Atalanta BC v FC Torino - Serie A

Pep Guardiola non mi vuole più al Manchester City“: così Joe Hart accende le voci che lo vorrebbero ancora in maglia granata anche l’anno prossimo. Il 29enne portiere inglese si è ambientato molto bene al Torino, tanto da essere fra le (non moltissime) note liete nella sua travagliata stagione. L’estate scorsa è arrivato in prestito secco dal City, ma Urbano Cairo di recente ha annunciato che avrebbe provato a trattenerlo almeno per un altro anno.

Sì, ma come? A dispetto della scarsa o nulla considerazione nei suoi confronti da parte di Guardiola, il City non ha intenzione di regalare il cartellino di Hart. Occorrerebbe un investimento importante, sui 15 milioni di euro. Con il rischio peraltro di un’asta al rialzo, vista la concorrenza di altri club sul giocatore: molte squadre di Premier League sembrano infatti interessate a riportare a casa il portiere della Nazionale inglese. Il nodo della questione è: vale quindi la pena di barcamenarsi in una trattativa così importante per lui, e soprattutto per le casse granata?

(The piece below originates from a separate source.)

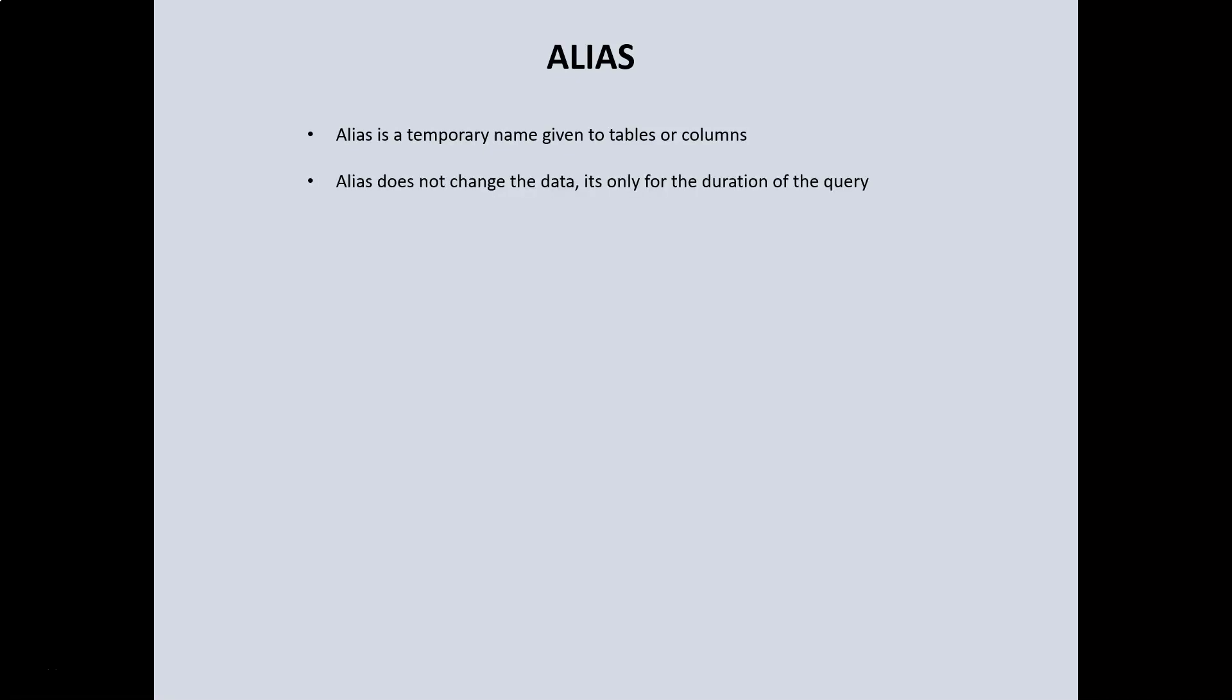In this video, I will talk about alias, what it is, and how we use them in queries. Alias is a temporary name that we give to tables or columns. They do not change the data itself and only exist for the duration of the query. Alias helps us to reduce the amount of typing required to enter a query.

Saremo duri quanto volete, ma la nostra risposta è un secco “no“. Nulla di personale su Hart, che oltre a essere un bravissimo giocatore è anche un ragazzo simpatico, uno di quei volti che vorremmo vedere sempre sui nostri campi di calcio. Tuttavia pensiamo che una società come il Torino, benestante ma non ricchissima, debba spendere le sue risorse in modo diverso, pensando più al futuro che alla soddisfazione di una voglia immediata. Ci sono in giro bravi portieri in grado di subìre gli stessi 39 gol subìti (non solo per colpa sua, sia chiaro) da Hart in questo campionato. Non ci sono sempre invece i 15 milioni utili per acquistarne uno a titolo definitivo. Ma chi siamo noi per fare i conti in tasca a Cairo?